The kind of profiling one does, or the amount of randomness used to select passengers for screening CAN NOT POSSIBLY HELP.
Thus, this whole discussion is idiocy.
Weapons got on airplanes before TSA, they go on getting on airplanes after TSA, and will continue to do so no matter what TSA does.
TSA's problem is a minor set of the bigger security issue: It isn't possible to protect a modern technologically-based infrastructre from terrorists. There are too many critical targets to protect. The idiocy that is "Homeland Security" doesn't help, of course, but nobody has managed to make gov effective yet (except in massive violation of civil rights, something they are good at and very prone to).
Thus, the only long-term strategy is to quit pissing people off.
Switzerland does NOT have a terrorism problem. The US doesn't need to have a terrorism problem, it is a direct and un-avoidable consequence of the massive injustices we perpetrate with our foreign policy.
Lew
From personal observations, it seems unlikely that the random selection is uniform. I would guess they do what they call stratified random sampling, and what other people would call profiling.
I work for a university in the middle east. Once, when flying with 6 other people on one way tickets from the US to Qatar, every single one of us was "randomly" selected for extra security. When my parents, who live in the US, came out to visit, they were "randomly" selected for security. Upon returning to the states, they found that they were "randomly" selected for extra security checks on every flight they took for the next year or so. Me? I can recall one flight in the few years since I moved to the middle east in which I was not "randomly" selected for special security.
So I'm guessing that there is a random element to it, but if you meet certain criteria, your probability of selection is pretty close to 1...
No, that's actually an off topic question, and beyond that, the small modicum of safety this *might* achieve is MUCH less important than the freedom and, quite frankly, the dignity this costs.
Has anyone noticed that "terrorists" have already won? They've substantially changed the quality of life in North America(and other parts of the world). They've got everyone looking over their shoulder. Etc. etc.
THIS IS WHAT TERRORISM IS TRYING TO ACHEIVE!
It's not about blowing up as much stuff as possible, that's George "Dubbya's" job. It's about terror. Scaring people. Well, looks like we're so scared we're treating our own citizens like dirt. I'd call that a win for them.

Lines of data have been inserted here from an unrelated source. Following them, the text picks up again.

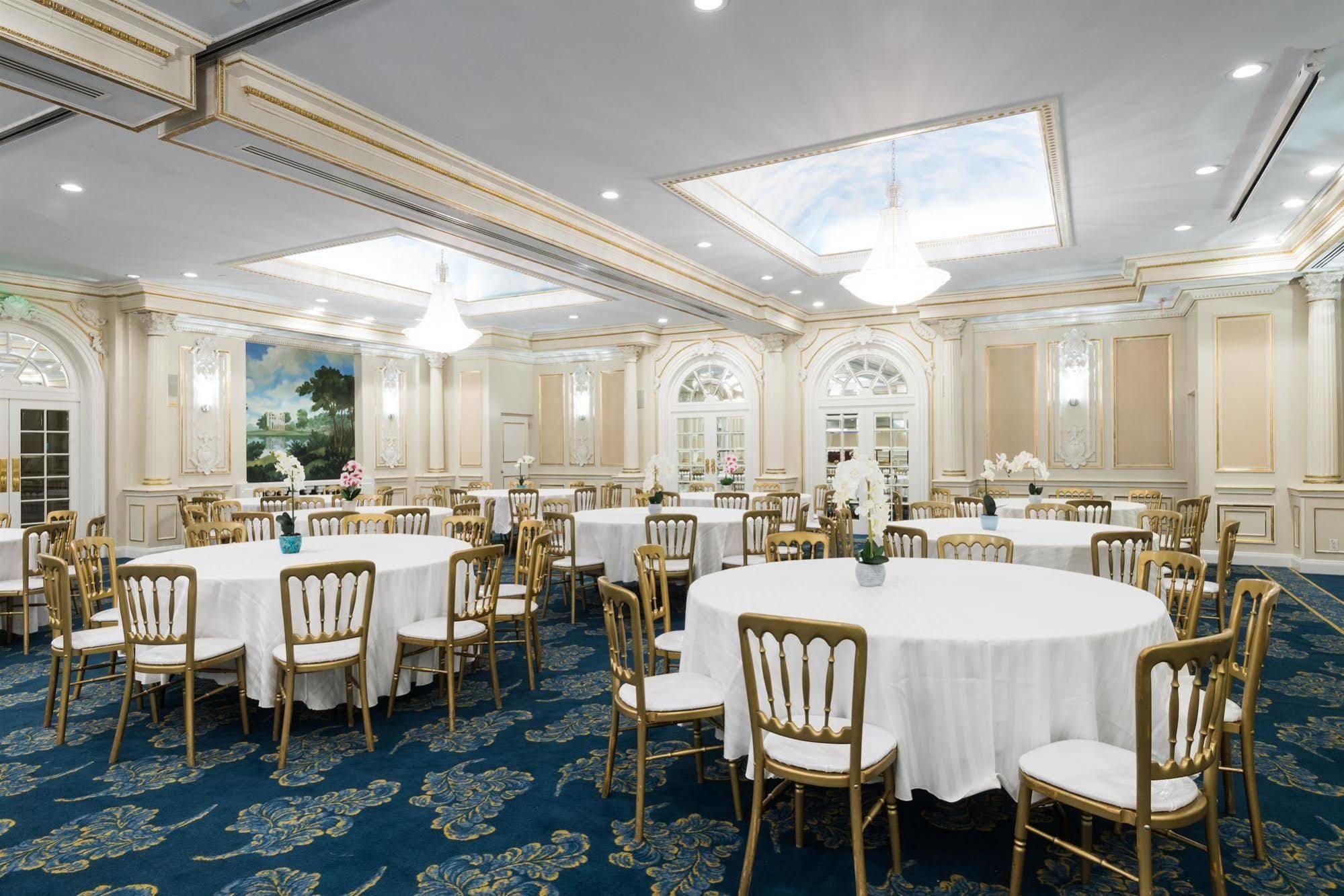 The Roslyn, Tapestry Collection By Hilton Hotel Exterior foto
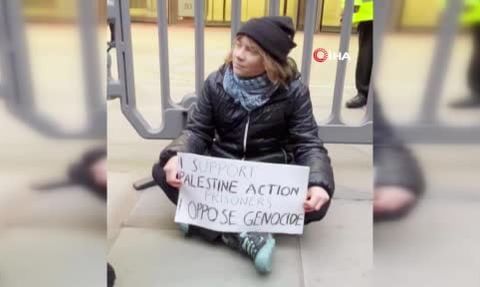 Greta Thunberg, Londra’da Filistin Eylemi destek pankartı nedeniyle gözaltına alındı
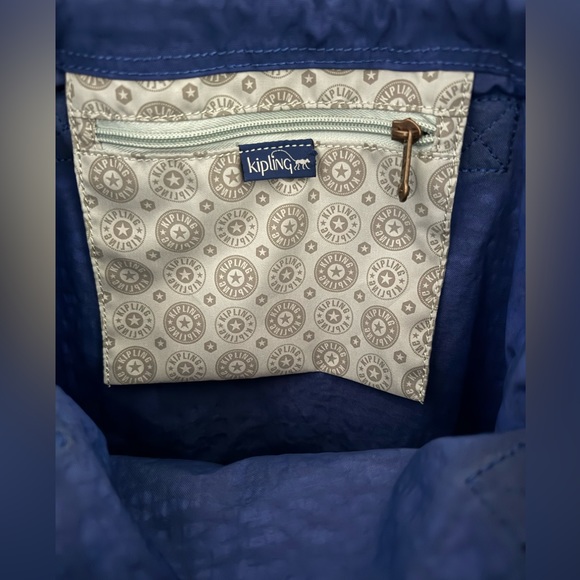 Kipling tote bag, LIKE NEW!Same or next day shipping from a smoke & pet free 🏡 - Picture 2 of 4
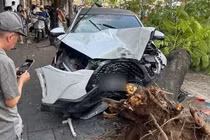 Tai nạn liên hoàn trên phố Hà Nội, tài xế là nữ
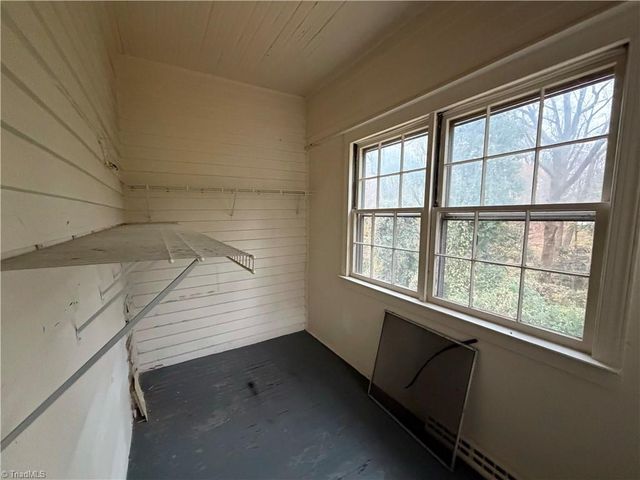 319 Lockland Avenue, Winston-salem, NC 27103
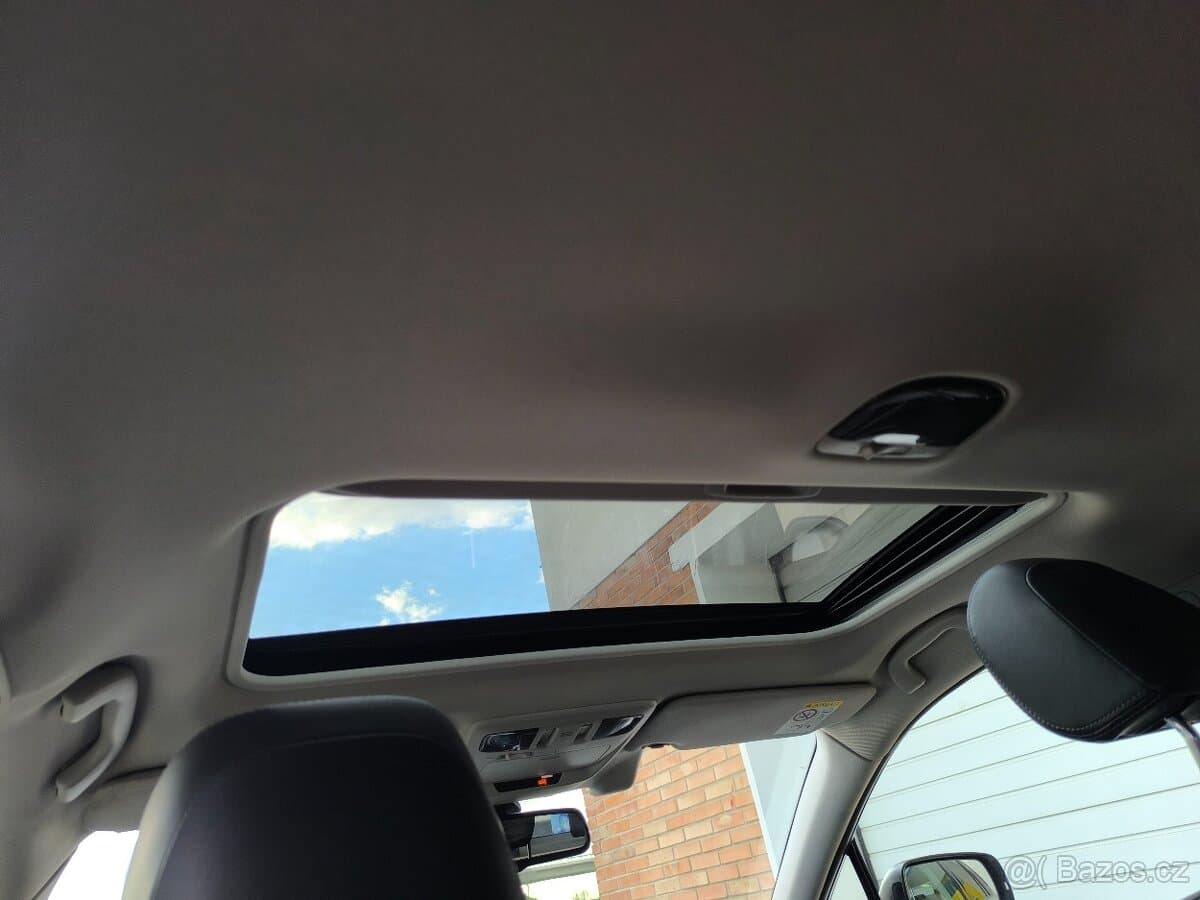 2018 Subaru OUTBACK - 18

--Not to be worried, Pitr fix.
Can you name one western country that hasn't had a white person attack in recent history? USA- Timothy McVeigh. UK - IRA and other groups been blowing up bombs there for years. Germany: Baader Meinhoff gang. Italy - the Red Brigades. Spain - Basque separatism...
yawn..... what's this telling me? you can't judge somebody by their colour, place or birth, accent, religion....
>The hard truth, however, is that that simply isn't the case -- our military can barely keep the lid on Iraq, let alone any of the other 3-4 dozen countries where terrorism is a concern.
Make no mistake: Our military is quite capable of dealing with Iraq, or just about any other nation on earth.
The problem lies in that no one has the stomach for really turning them loose to do just that, and thanks to the speed of modern news networks, no one can get away with Dresdens or Hiroshimas anymore.
Steve
A work that expires before its copyright never enters the public domain and thus enjoys eternal copyright protection.
The so called 'random' searches aren't that important to the 'war on terror'. The real, tangible, important effect of these searches, is to make sure John Q. Public feels that his government and the airlines are actually doing something to ensure their safety.
These searches are propaganda tools, not effective terrorism-prevention methods.